While China has quickly joined the industrialized world in the production and export of a wide range of commodities, its local insurers have lacked the technical insurance skills necessary to protect its commercial liability interests abroad. While they as a whole clearly recognize that commercial liability insurance is essential, especially in the product liability area, their confusion over US and European liability laws creates the most enormous demand on insurance. The challenge for Chinese insurers is to find a way to protect its product liability exposures against the litigious environments of Europe and the United States.

In fact, a lot of insurance companies are interested in product liability. Many of these companies, however, refuse to involve themselves with Chinese imports that generally fall under the insurance term "reverse flow business" (general liability exposures in the Unnited States that have their source from overseas). The reluctance stems from the fact that reverse flow business can be very difficult to underwrite as the risk is far away and difficult to understand. Since most of the underwriting companies do not have facilities in China, developing critical underwriting information becomes next to impossible.
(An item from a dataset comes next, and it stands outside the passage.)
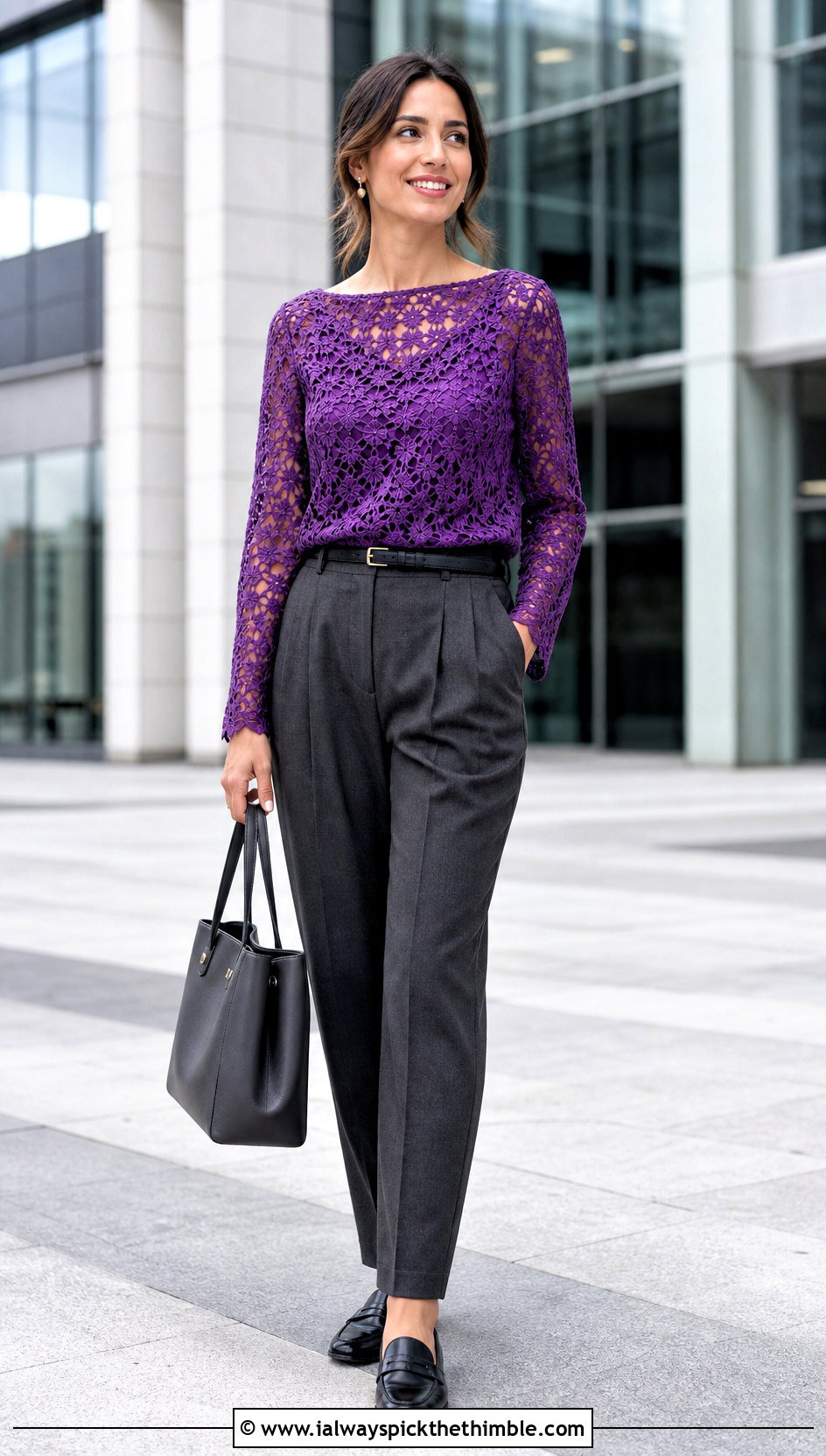 Boatneck Crochet Lace Top With Pleated Trousers - 20 crochet lacy summer tops outfit ideas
Recognizing this as an immediate and long term golden opportunity, and in answering this need and linking the two opportunities together, Bestfi has done two things:

  1. First and foremost, several interested insurers undertake to invest in a comprehensive organization in writing the liability business to protect exports from China. In addition to its experienced underwriting team, they also consult one of the top product liability underwriting managers in China today, a CPCU with over 20 years of product liability underwriting experience in the USA and 10 years in China. The combination of local and foreign experience establishes a system and leads the company to the right direction in pursuing a profitable portfolio of product liability insurance business.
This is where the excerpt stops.